Very valid list and I pretty much have the same list but was looking more for specifics with regard to items. Let me check off what I already have covered:
1, 2, 3, 4, 5, 6, 7, 10, 11. (I'm kind of a "safety first" kind of a guy already).

Really looking to update my overnight gear. I have a synthetic fill bag, but it is old bulky and not really comfortable in the temperature ranges I could dip into. I know there are probably newer options. Better shelter and better cooking set-ups (can't always have open fires. C urrently experimenting with inexpensive Amazon, Isobutane compact stove and Trangia alcohol burners, since isobutane can have poor performance in low temps). My GI canteen, cup and burner stand work great for boiling water with the alcohol burner and makes a compact/ functional, minimalist cook set. I would like to expand my cooking task capabilities beyond just heating water.


----------



## pic (Nov 14, 2009)

Not sure if you are stopping at established campsites with some available services , sometimes they'll offer electricity, water , etc. not sure.
If you're r going alone or with someone.
today's cellphones burn out the battery quickly, you may need an emergency charger to contact the people in your life. ,lol. 
I may be overthinking this , but I'm sure you'll be in cell phone range throughout your adventure

https://www.amazon.com/26800mah-Portable-Charger-Battery-External/dp/B0823LTKL8


----------



## Minorcan (Apr 18, 2020)

Ahh, 8&9. I like a down sleeping bad rated for colder weather than you expect and a insulating water proof pad for underneath it.

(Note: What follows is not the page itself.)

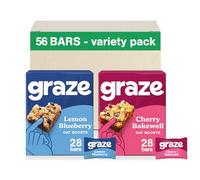 Graze Variety Box - Big Pack Selection - Blueberries & Lemon Healthy Snacks & Cherry Bakewell Oat Snack bars - Box of 56 Snacks - Packaging may vary - (56x30g)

As stated, I like a hammock tent shelter. Mine has a mosquito netting in it. My shelter and hammock/tent weigh in at less than 5 pounds. Weight may not be as important as for backpacking since you are kayaking.


----------



## SSGN_Doc (Mar 12, 2020)

Minorcan said:


> Ahh, 8&9. I like a down sleeping bad rated for colder weather than you expect and a insulating water proof pad for underneath it. As stated, I like a hammock tent shelter. Mine has a mosquito netting in it. My shelter and hammock/tent weigh in at less than 5 pounds. Weight may not be as important as for backpacking since you are kayaking.


Yes, I've looked into hammock set ups, but some areas of shoreline and some established campsites may not have trees quite where I need them, and some parks don't allow hammock to be strung between the trees. So, likely looking at a ground tent.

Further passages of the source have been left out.